WORK TASK ::
Only the lines in the entries below from the line with "Back view of" to the line with "Ghost image of", both included, belong in the answer, transcribed exactly and without pictures.

DATA UNDER STUDY ::

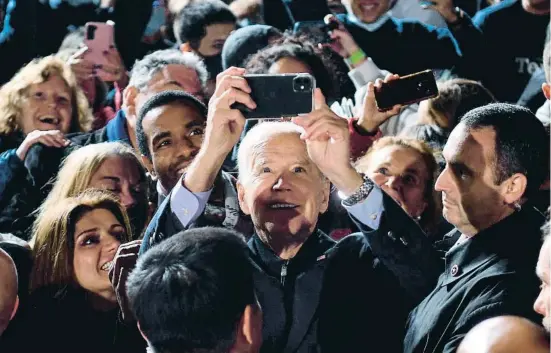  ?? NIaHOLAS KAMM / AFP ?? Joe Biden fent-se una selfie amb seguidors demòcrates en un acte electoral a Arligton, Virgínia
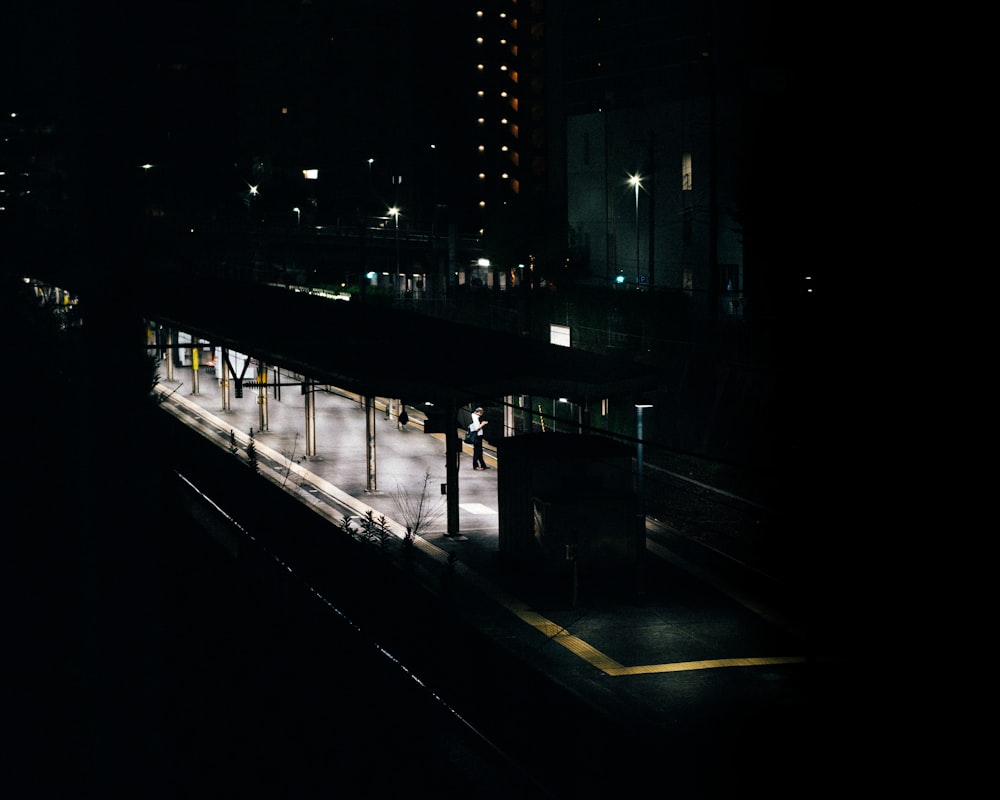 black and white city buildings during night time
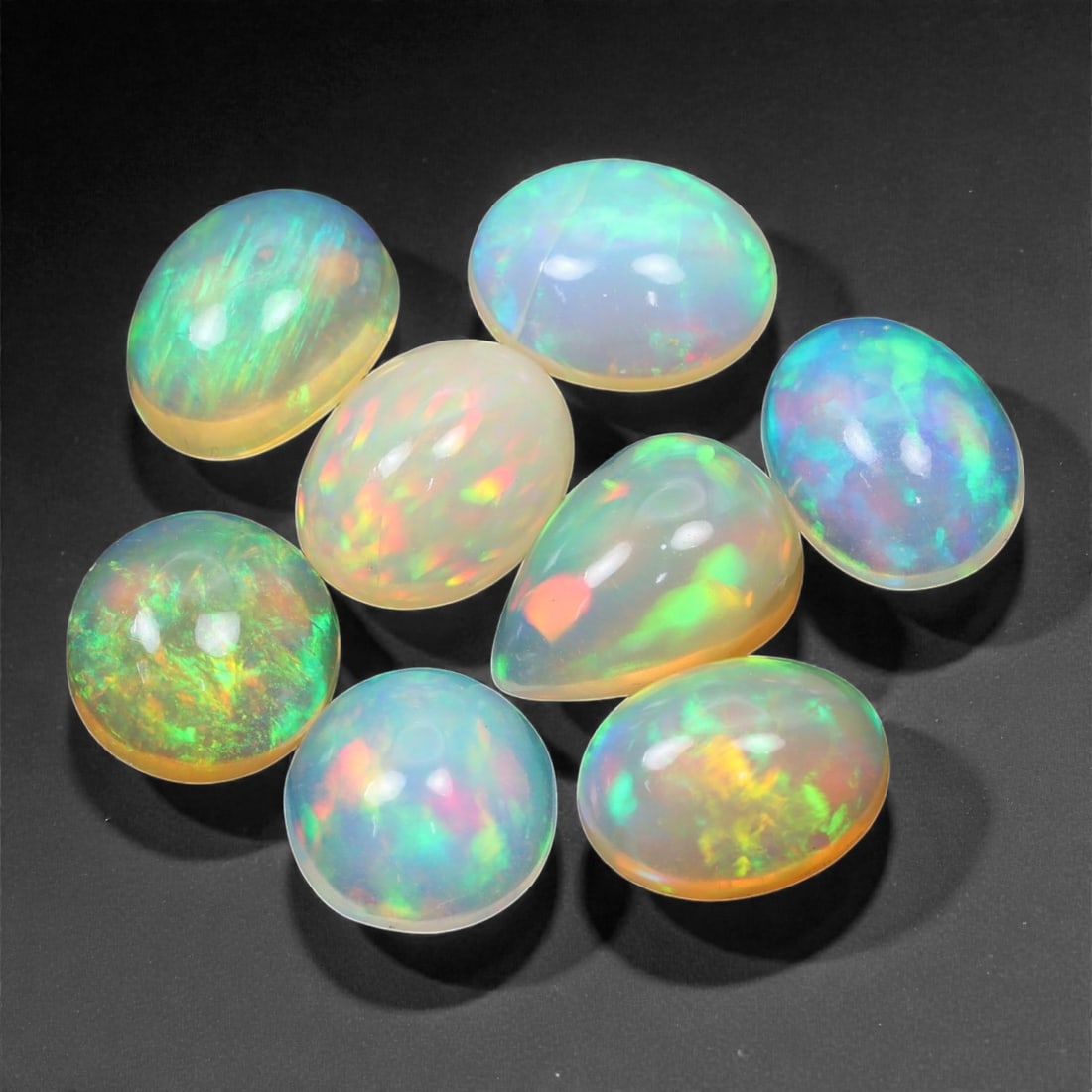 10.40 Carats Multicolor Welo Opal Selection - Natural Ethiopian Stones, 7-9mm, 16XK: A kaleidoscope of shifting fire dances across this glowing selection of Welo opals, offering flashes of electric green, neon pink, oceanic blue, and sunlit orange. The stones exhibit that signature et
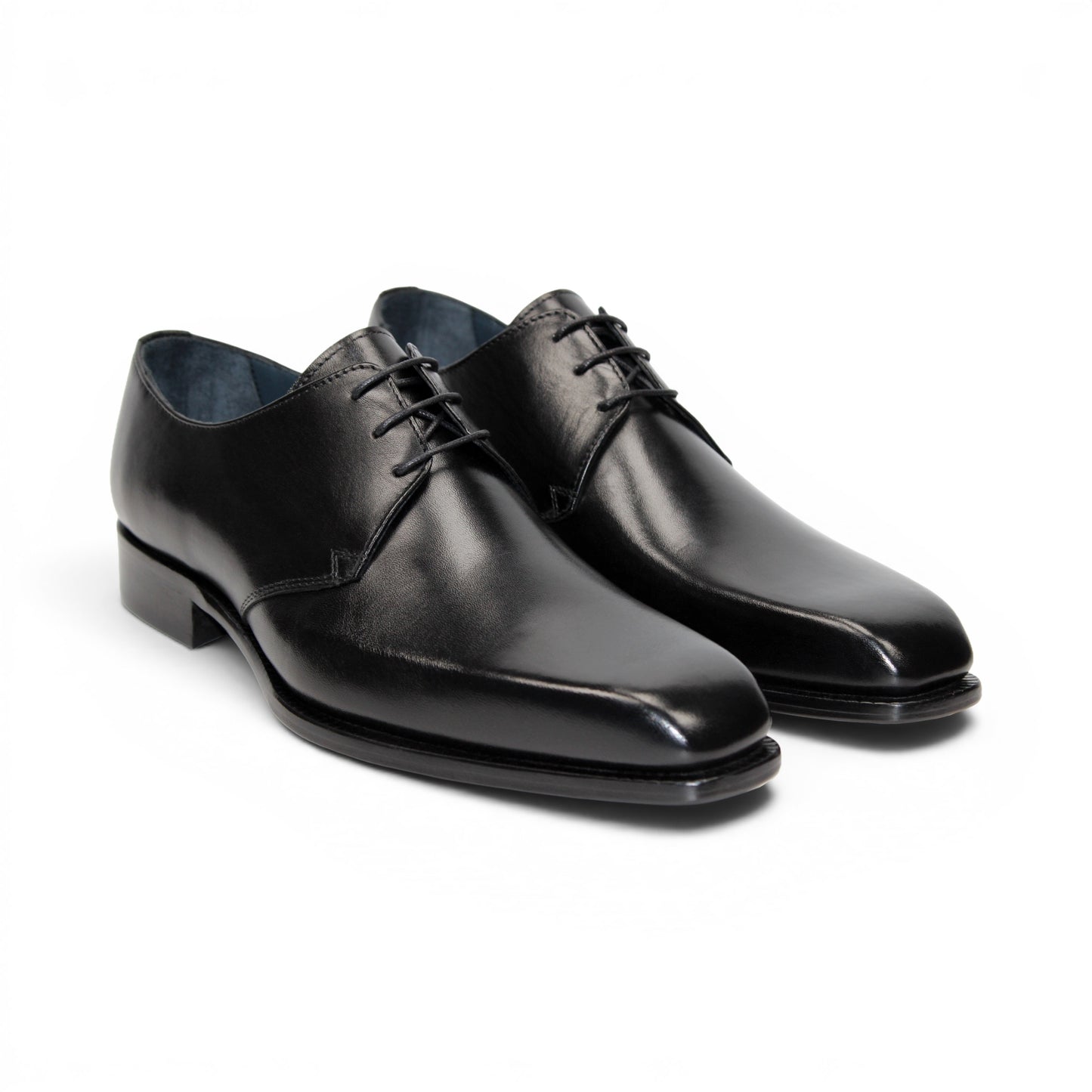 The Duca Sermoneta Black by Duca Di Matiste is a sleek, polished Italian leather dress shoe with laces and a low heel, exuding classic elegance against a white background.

--

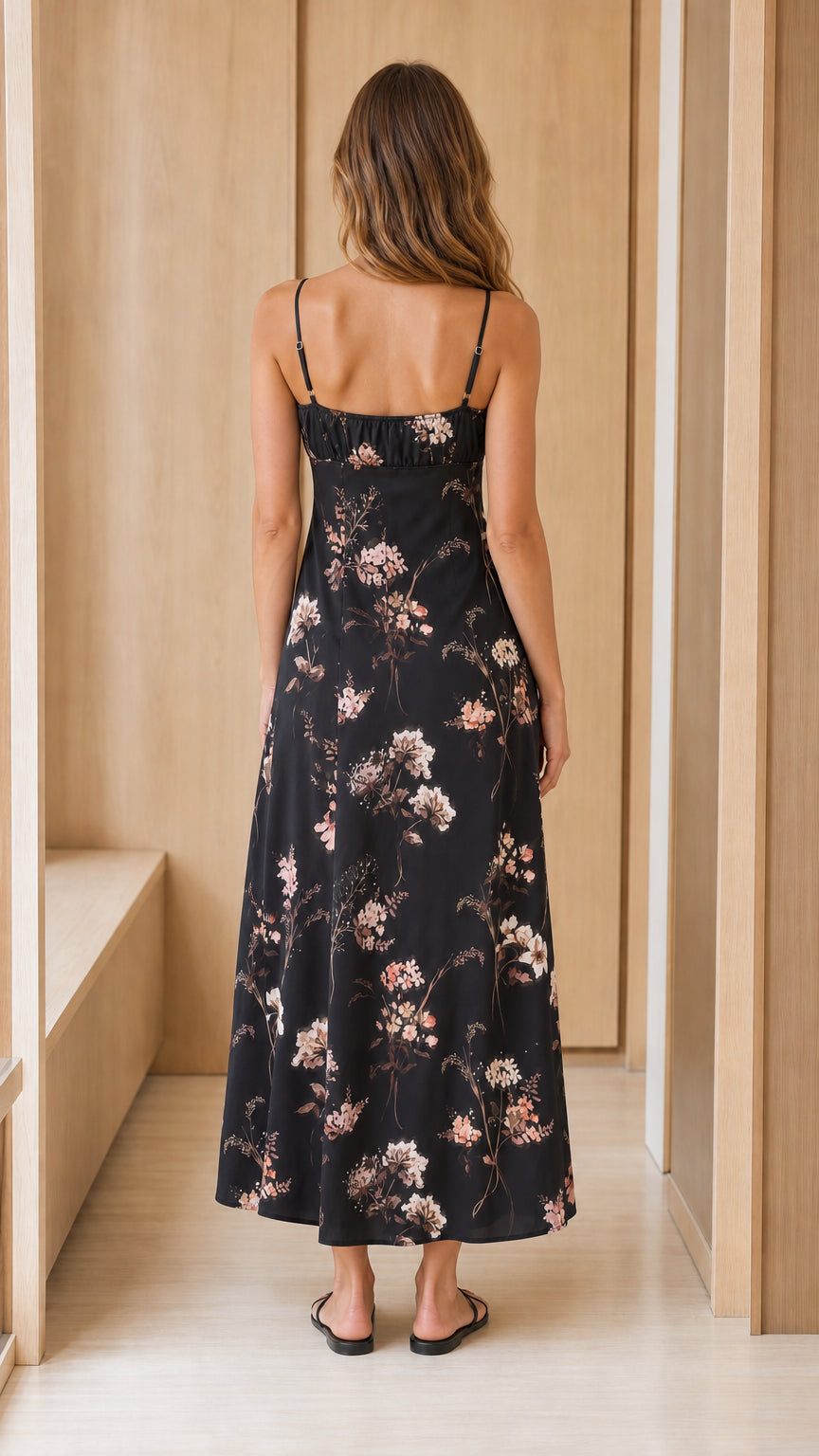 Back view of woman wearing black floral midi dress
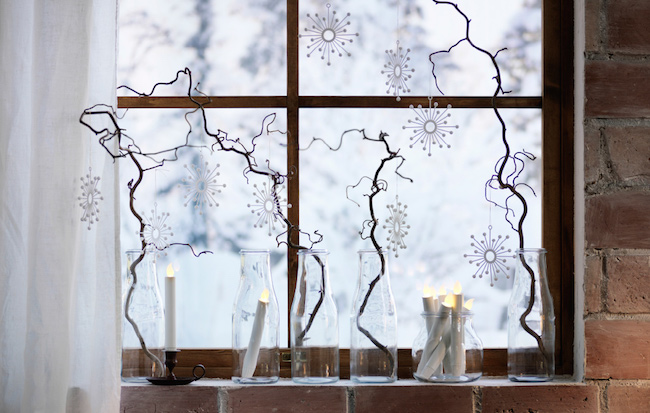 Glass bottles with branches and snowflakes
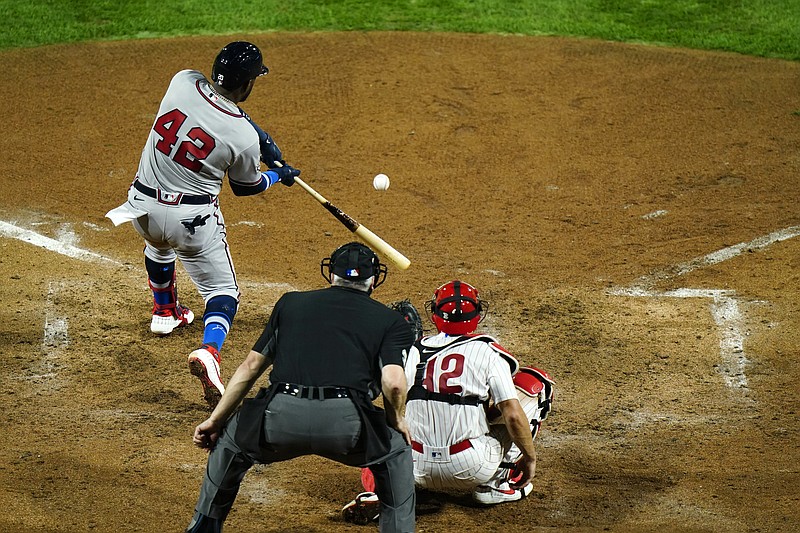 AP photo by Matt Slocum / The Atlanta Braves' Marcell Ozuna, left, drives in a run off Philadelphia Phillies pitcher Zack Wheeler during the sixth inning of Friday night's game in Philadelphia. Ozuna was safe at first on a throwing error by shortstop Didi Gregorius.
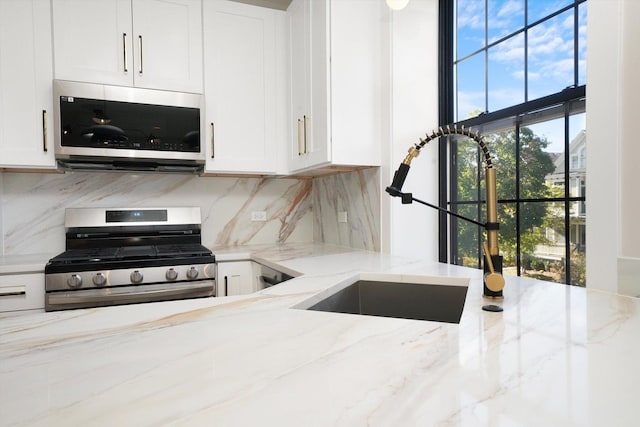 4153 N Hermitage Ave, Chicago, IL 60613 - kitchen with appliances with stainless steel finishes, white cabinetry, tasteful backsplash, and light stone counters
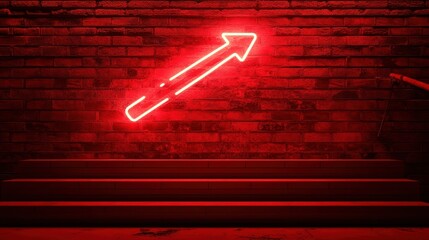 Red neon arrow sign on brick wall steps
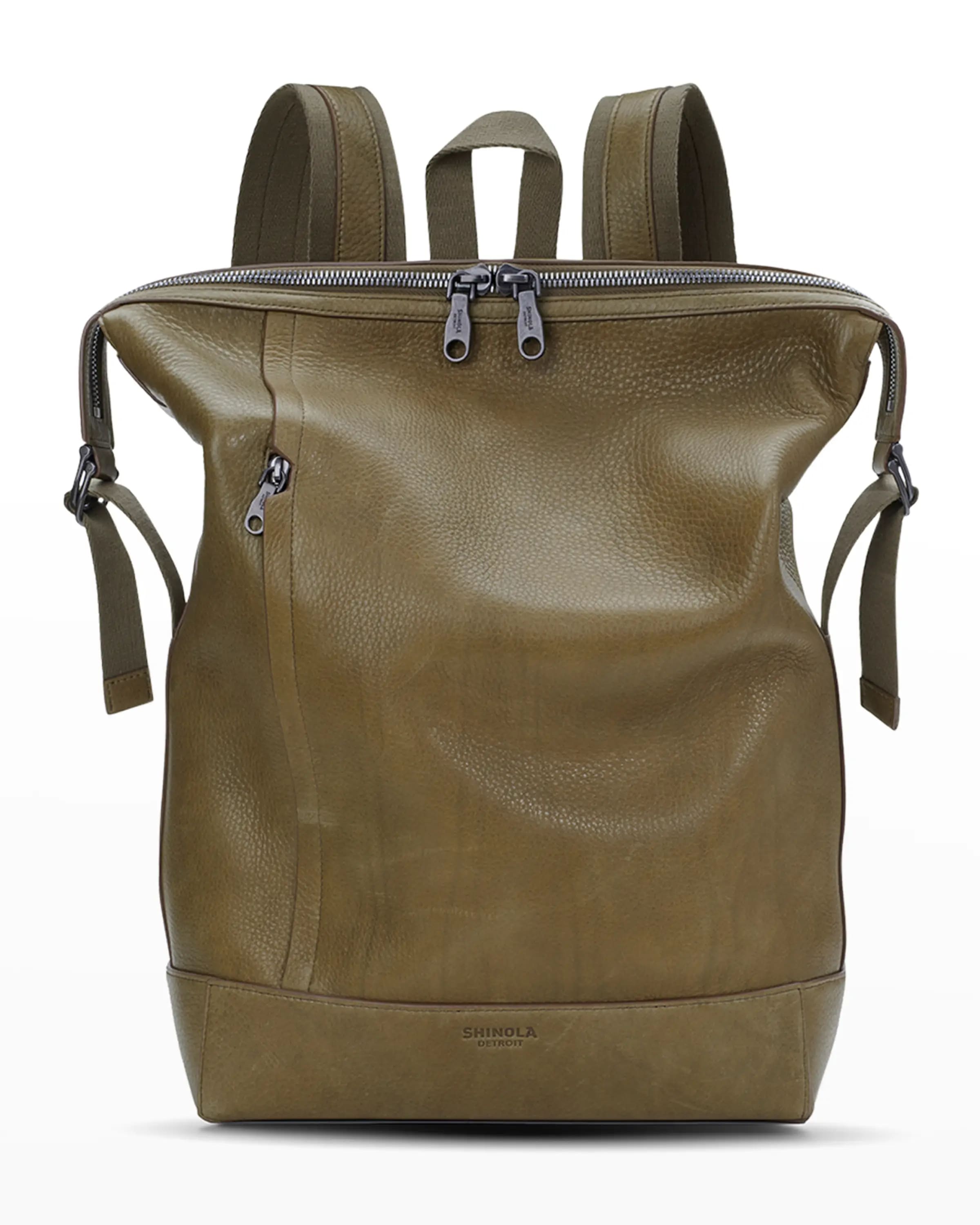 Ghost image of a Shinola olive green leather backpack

RESULT ::
 Back view of woman wearing black floral midi dress
 Glass bottles with branches and snowflakes
 AP photo by Matt Slocum / The Atlanta Braves' Marcell Ozuna, left, drives in a run off Philadelphia Phillies pitcher Zack Wheeler during the sixth inning of Friday night's game in Philadelphia. Ozuna was safe at first on a throwing error by shortstop Didi Gregorius.
 4153 N Hermitage Ave, Chicago, IL 60613 - kitchen with appliances with stainless steel finishes, white cabinetry, tasteful backsplash, and light stone counters
 Red neon arrow sign on brick wall steps
 Ghost image of a Shinola olive green leather backpack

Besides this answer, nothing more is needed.